Tim, you ask a very God-honoring question when it comes to homiletical introduction. Creating or surfacing need is certainly part of what an introduction must do. In fact, as Peter states in his 5/11/2007 entry, an introduction must do four things. It must get attention, create rapport, establish authority and create or surface need. Yet, for these four components to be God-honoring and not man-honoring (which I believe gets at the heart of your question), David Buttrick, in Homiletic Moves and Structures makes a very important point. He states that an introduction must do two things. First, it must give focus to consciousness. Second, it must provide some sort of hermeneutical orientation.
Buttrick is not contradicting the points that Peter makes. In fact, within his chapter on introductions, he makes some of the very same points. Rather, Buttrick establishes an overarching principle that is to contour and influence the direction of the points that Peter makes. In other words, while doing all that Peter has encouraged us to do in an introduction, focus and orientation to the text must occur. This can be difficult. It is much easier get attention, create rapport, establish authority and surface need autonomous from the text that is supposed to be introduced. This happens all the time in preaching and it is a colossal error.

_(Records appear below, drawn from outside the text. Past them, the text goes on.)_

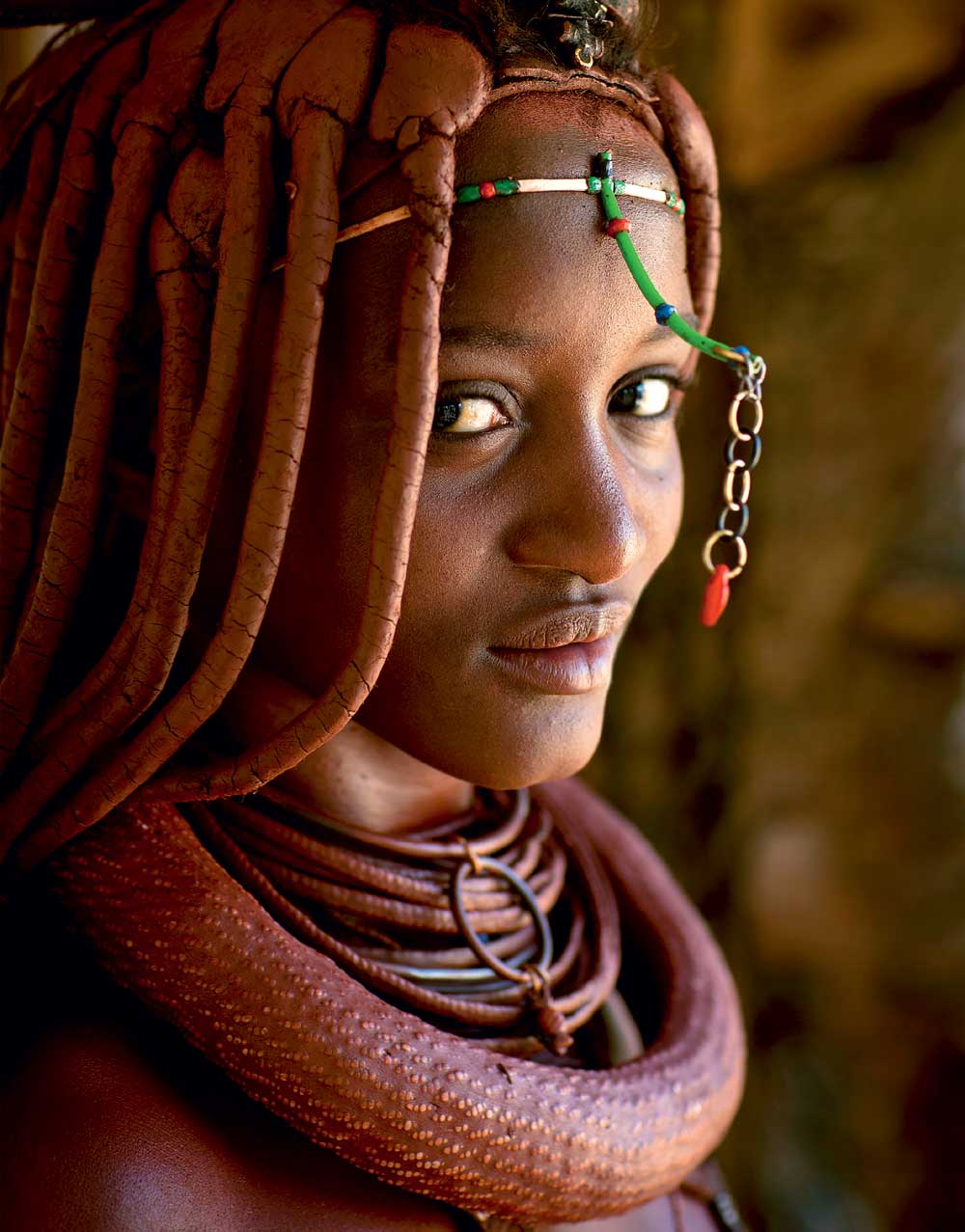 Ethiopia girl.jpg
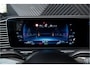 Mercedes-Benz GLE AMG 53 4MATIC+ Distronic+ IHC+ Massage Night Pano Head Up 360 Softclose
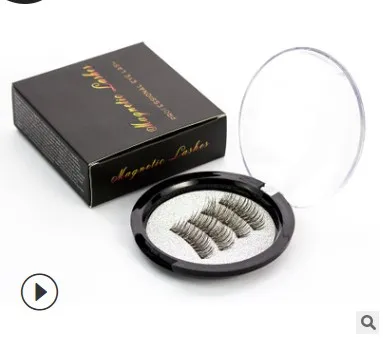 Магнитная фотография | Электроника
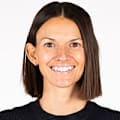 Cece Delzer | NWSLsoccer.com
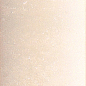4101075 Italic Dune Travertino 5x20 41ZERO42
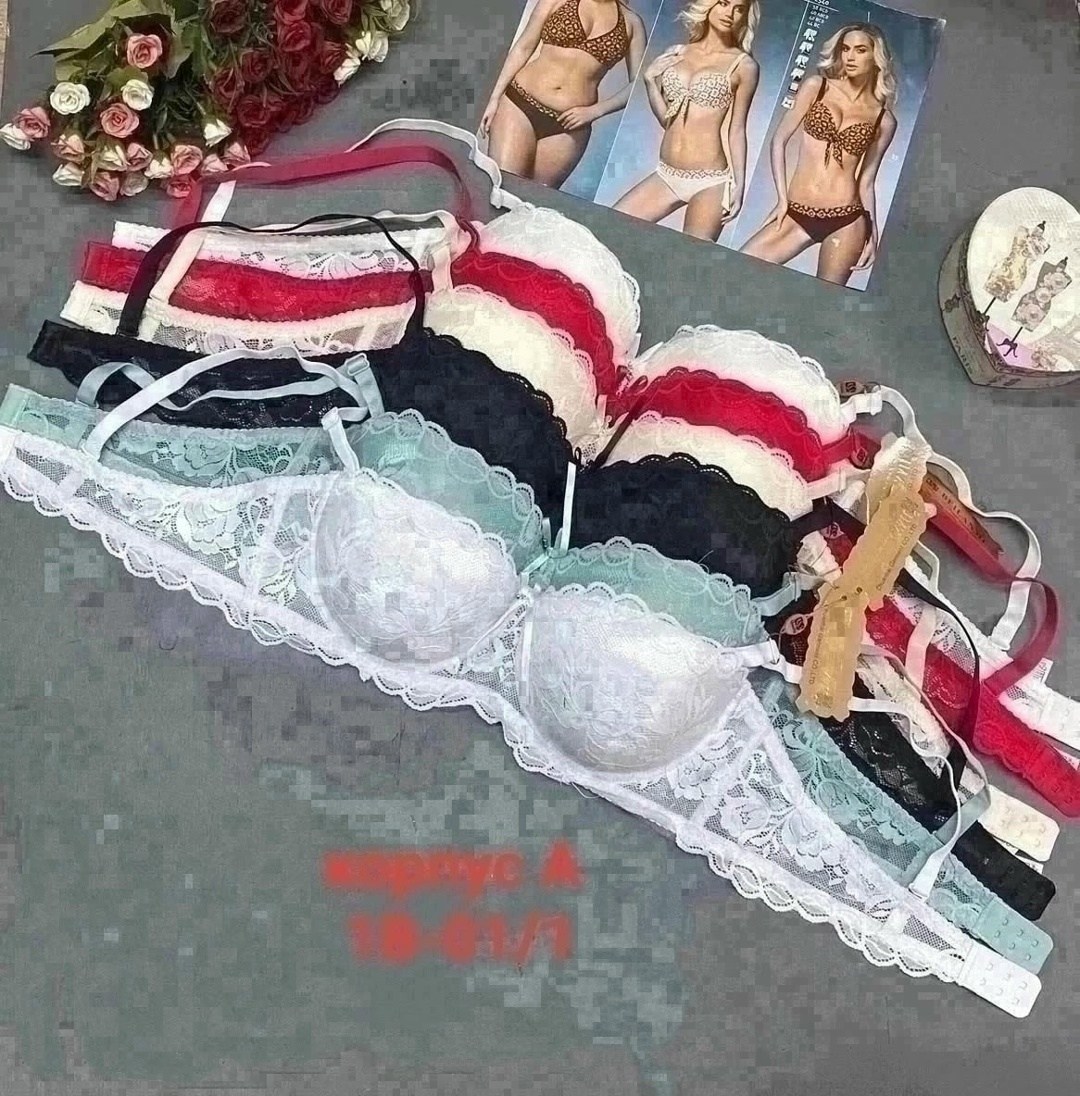 женское нижнее белье,бюстгальтер комплект,бюстгальтер женский,бюстгальтер,нижнее белье оптом
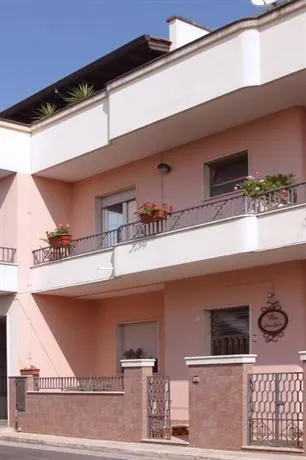 Bed & Breakfast Donna Giulia - Image 1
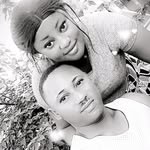 Jacques Monkengo - @jacquesmonkengo - Instagram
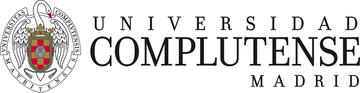 ucm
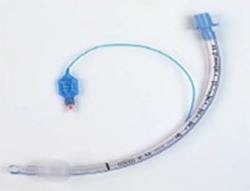 Endotrakealtub Portex Soft Seal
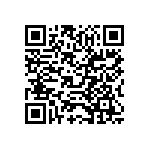 V150B3V3C150BS3 QRCode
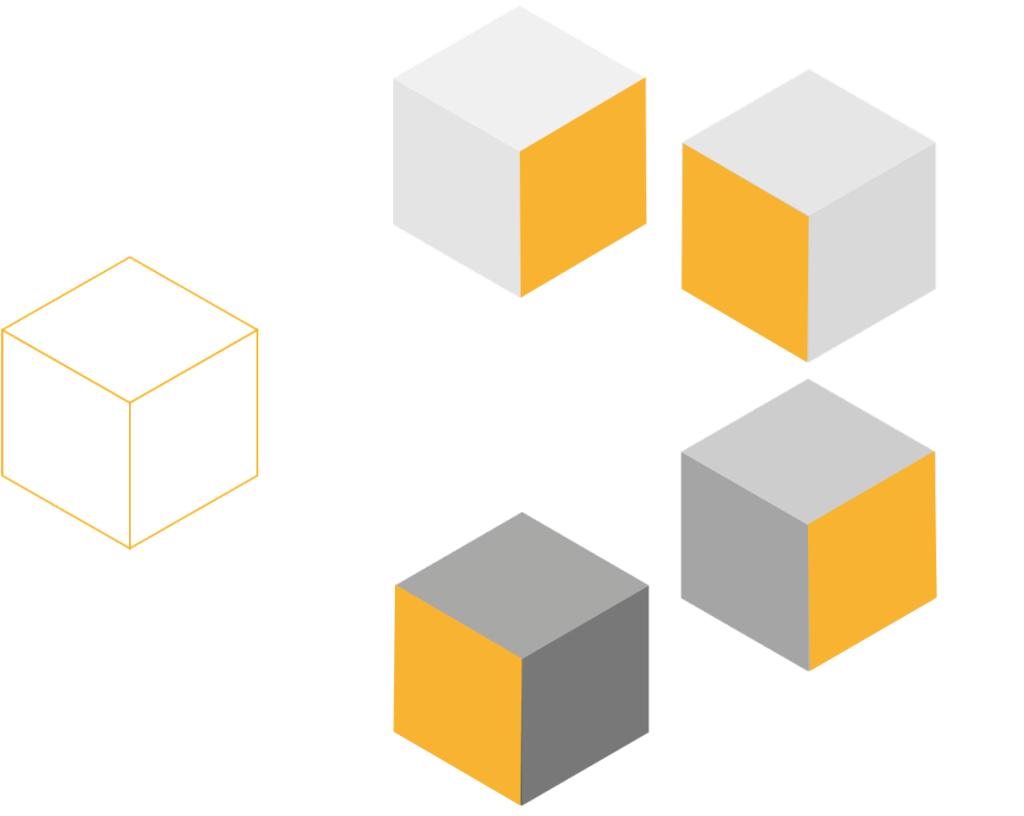 Kite One Configurator Shapes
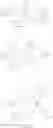 Fig. 79 - Aliphatic prolinamide derivatives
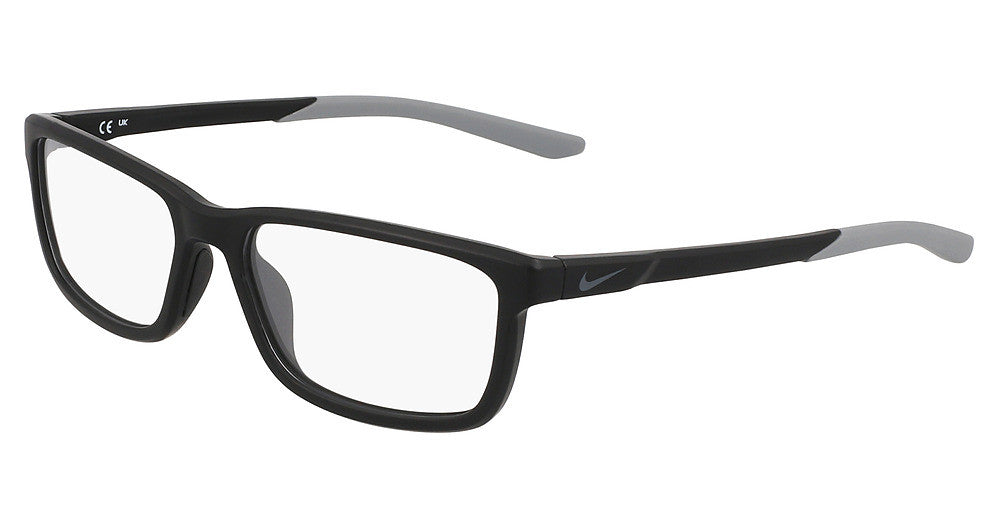 Nike NIKE 7292 Eyeglasses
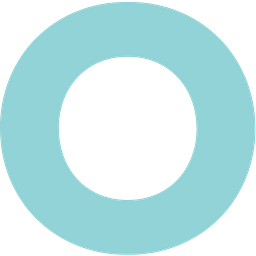The Gas Spot logo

It is all too easy to imagine isn’t it? The preacher stands, opens his Bible, takes out his notes and begins. He starts by catching attention and building rapport through funny or shocking stories. The audience laughs or gasps – sometimes both simultaneously (it is a weird sort of convulsion). The room emits an ethos of warmth and openness and then, the preacher begins to preach. The problem is that the first five minutes had nothing to do with the sermon. The congregation is now enthralled with the preacher not the passage. So, after “warming-up” and “catching the attention” of the congregation, the preacher has to spend another five minutes on a second introduction – this time, focusing on the Word of God. This is a terrible waste of time.
To be clear, the four points that Peter makes need to happen in an introduction. However, they must happen in a way that focuses consciousness and provides some sort of hermeneutical orientation to the passage that is going to be preached. This will take more preparation time, and a lot more effort, but it is worth it. We must capture the attention of our audience while concurrently directing them toward God and His Word. Any other result is not an introduction.